Records for this task: Begin

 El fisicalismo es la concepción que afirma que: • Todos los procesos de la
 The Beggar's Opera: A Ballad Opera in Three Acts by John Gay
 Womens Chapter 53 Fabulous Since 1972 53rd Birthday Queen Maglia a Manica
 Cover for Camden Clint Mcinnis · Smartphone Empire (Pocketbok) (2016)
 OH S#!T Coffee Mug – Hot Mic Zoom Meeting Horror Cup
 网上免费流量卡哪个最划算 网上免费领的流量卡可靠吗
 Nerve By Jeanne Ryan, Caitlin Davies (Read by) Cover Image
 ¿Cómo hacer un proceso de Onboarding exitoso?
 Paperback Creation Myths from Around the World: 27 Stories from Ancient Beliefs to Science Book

Records for this task: End

-- What you need to do --
Set down only the line containing "Womens Chapter 53" and the lines after it through the end, exactly as they appear above.

-- Your response --
 Womens Chapter 53 Fabulous Since 1972 53rd Birthday Queen Maglia a Manica
 Cover for Camden Clint Mcinnis · Smartphone Empire (Pocketbok) (2016)
 OH S#!T Coffee Mug – Hot Mic Zoom Meeting Horror Cup
 网上免费流量卡哪个最划算 网上免费领的流量卡可靠吗
 Nerve By Jeanne Ryan, Caitlin Davies (Read by) Cover Image
 ¿Cómo hacer un proceso de Onboarding exitoso?
 Paperback Creation Myths from Around the World: 27 Stories from Ancient Beliefs to Science Book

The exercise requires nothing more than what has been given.